Coverage can be cheaper away from the US
So what about the costs? Often they’re lower than health coverage at home.
“The (international health insurance) premiums are less expensive because the claims are less expensive outside of the United States,” says Krampen. “A doctor’s visit in the U.S. will run you $150 on average. A doctor’s visit in Venezuela or Mexico? About $30 to $40. A private hospital room is about $300 in South America. Here in the states, you couldn’t get a semiprivate room for that.”
“It’s much less,” Brumbach agrees. “You could save thousands just on your health insurance.”
Some expats want the option of being able to seek medical care in the United States — others don’t. Expat policies typically allow you to include or exclude U.S. coverage, and premiums can be lower if you take the exclusion.
Evacuation to US care can be an option
Even if you exclude U.S. coverage, many policies will cover emergency treatments in the United States. Some will even cover procedures you receive when you come back for a vacation or for other short-term visits, as long as you reside overseas.
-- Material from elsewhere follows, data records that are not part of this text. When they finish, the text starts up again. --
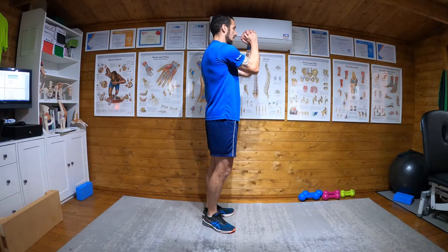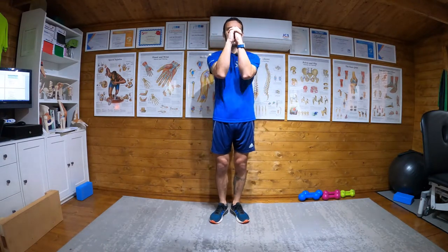Side-to-side hops — two levels to this exercise. So initially what you're going to do: interlock fingers, hands to the front, lock up your arms, keep your back knuckles straight, and focus on a point at eye level in front of you.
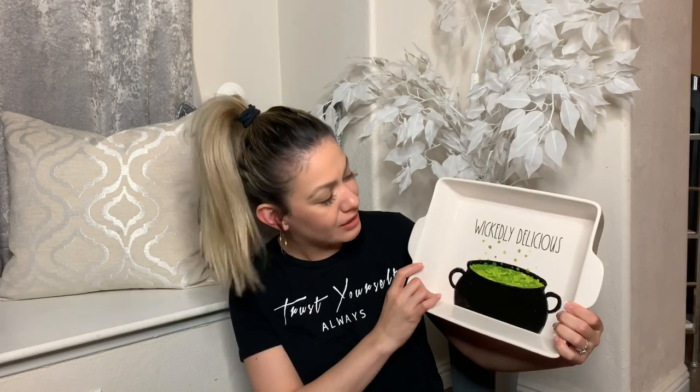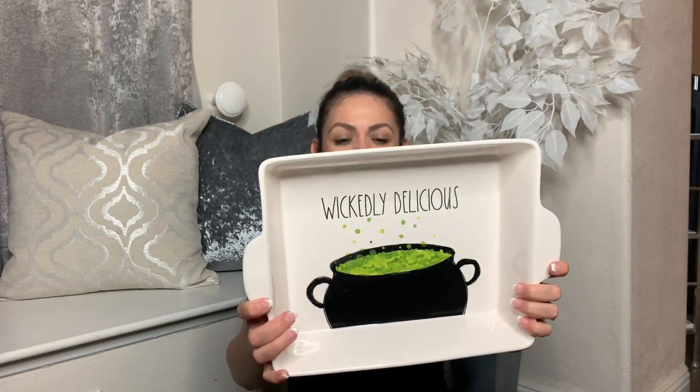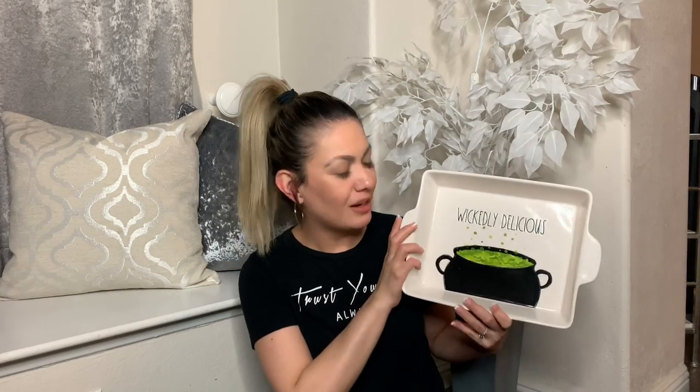This one I've never seen anywhere — I haven't seen it on their Instagram or on any of the Ray Dunn Instagrams. So I don't know if this one's new. The one I'm talking about says Wickedly Delicious. Oh my gosh, that's kind of hard for me to say, but look at this — it's so pretty. This one was $19.99 and I really like the green on it. It just reminds me of that Hocus Pocus potion, and I just thought it was so cute. It's going to look really pretty when I display it. He really liked this one as well, so he picked it up for me.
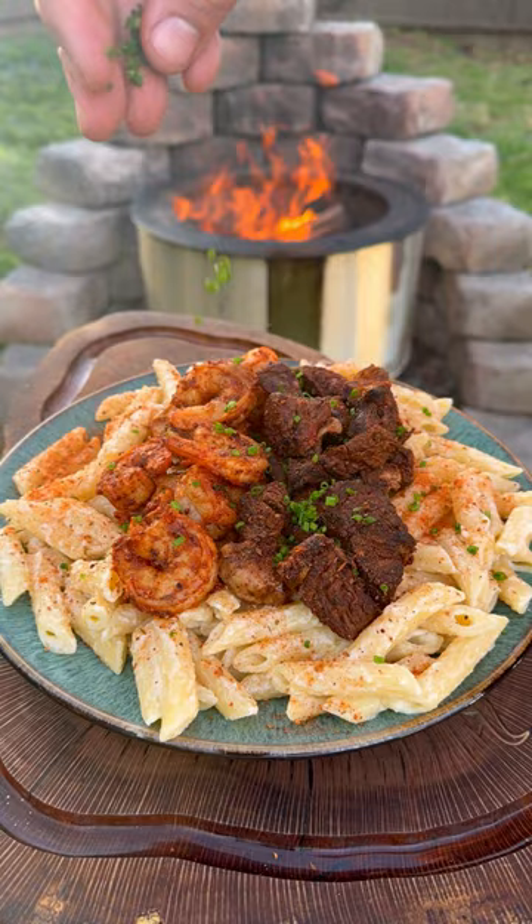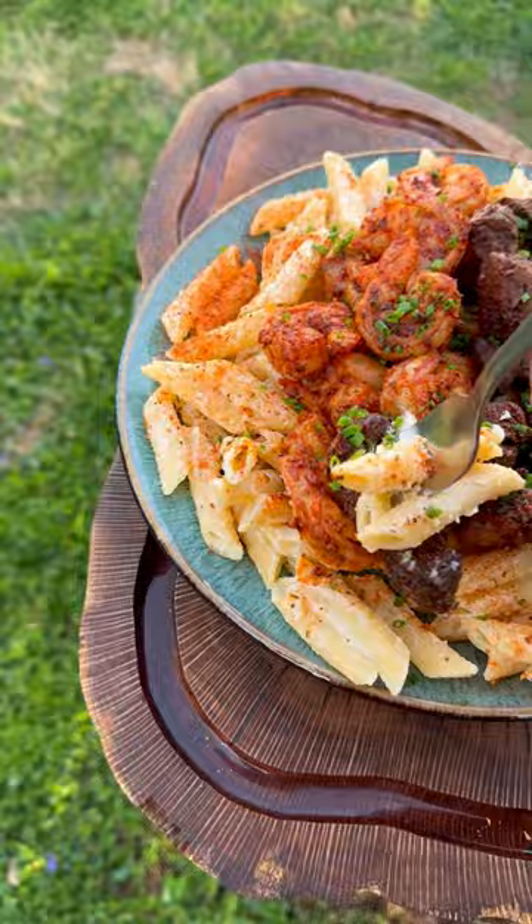This is creamy, spicy, and the best of shrimp and steak. Absolutely a crowd pleaser. All right, let's try it out. So freaking delicious. Recipe on the blog. Cheers.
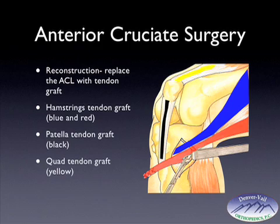Another graft that can be used is the quad tendon, outlined in yellow, which goes from the upper portion of the kneecap up toward the thigh. The lower end of the graft at the kneecap has an area of attached bone from the kneecap, whereas the upper portion of the graft is just soft tissue. This graft is used less frequently in the United States.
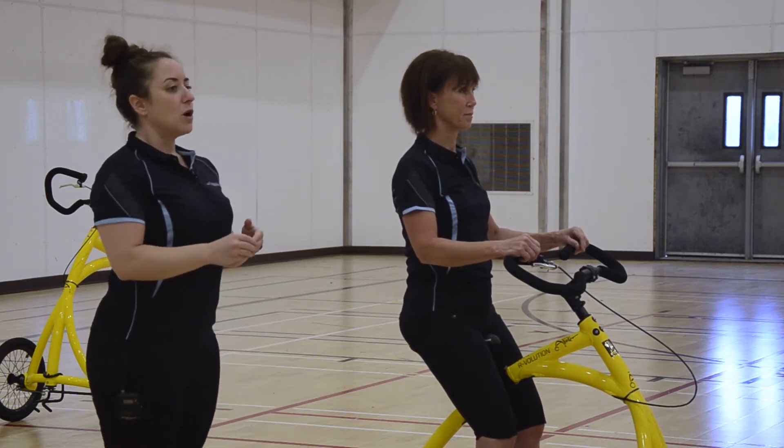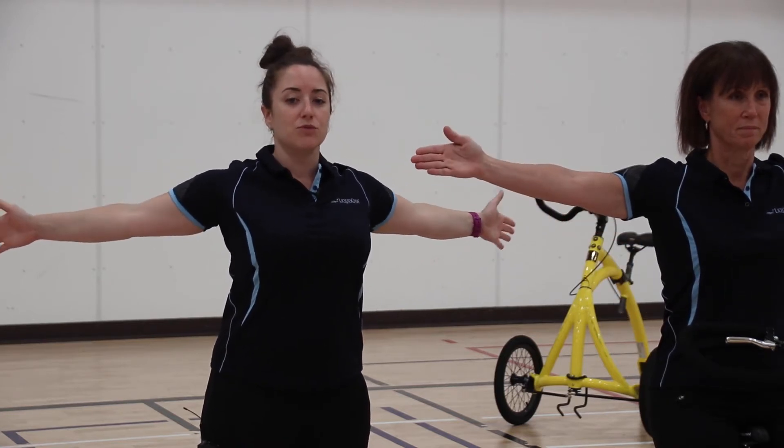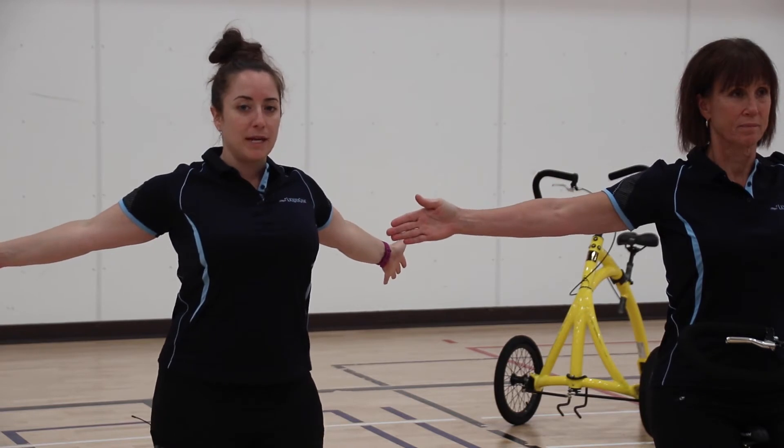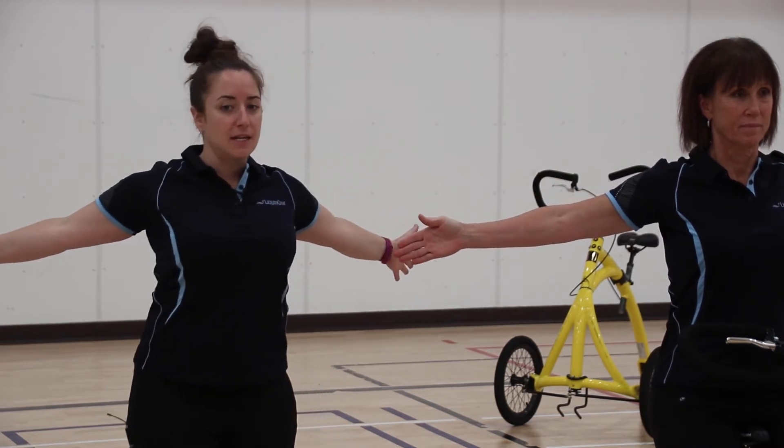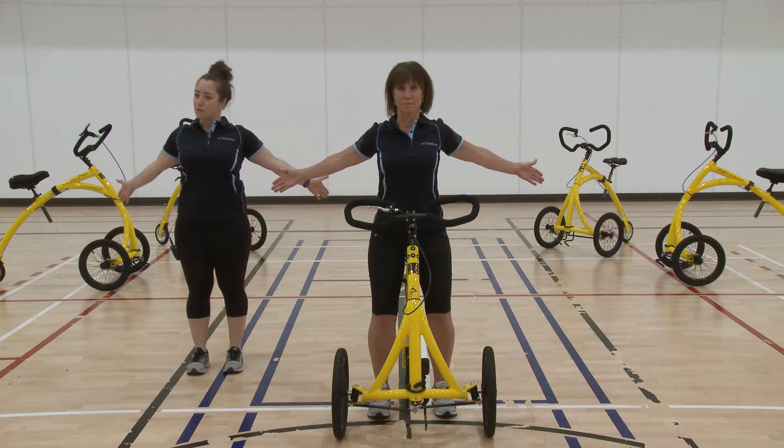You're going to extend your arms out to the side of your body, palms facing forward, and then reach your arms back, opening up your chest as much as you can. You can change the angle of your arms to get a different pull, whatever you feel most comfortable.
“It’s really about where you’re going to access care that can drive up or down the cost of the policy,” says Otten. “The expat mentality oftentimes is: ‘Unless I have an emergency in my host country, I’ll go back to the U.S. to get my routine care.'”
If you do experience a health emergency overseas and want to be treated in the U.S., optional medical evacuation coverage can literally be a lifesaver.
“As long as it’s medically necessary and you are fit to fly, we will take you from wherever you are and get you back home, either with a medical escort on a commercial flight or on a fixed-wing aircraft in a true medical transport,” says Krampen.
Depending on where outside the U.S. you live, many policies also offer options to cover injuries sustained as a result of war, terrorism and kidnapping, risks that typically are excluded from American health policies.
Expat insurance good for medical ‘tourists’
Another time expat insurance becomes useful is if you want to join the trend called “medical tourism” and have a surgical procedure performed abroad, to take advantage of the enormous cost savings available for operations outside the U.S.
“If they purchase a global health care policy, they would certainly have that at their discretion to go someplace else for their surgery or treatment,” says Otten.
“In places like the U.K. … people will sometimes buy what is called a ‘top-up’ policy that gives them access and choice, whether it’s for the private facilities in England or elsewhere,” such as Taiwan and India, where costs are lower, she says.
Not sure if the expat life will agree with you? The same international health insurance companies typically offer short-term travel health policies from one week to six months without extensive underwriting, so you can try living abroad out without committing to a full expatriate insurance policy.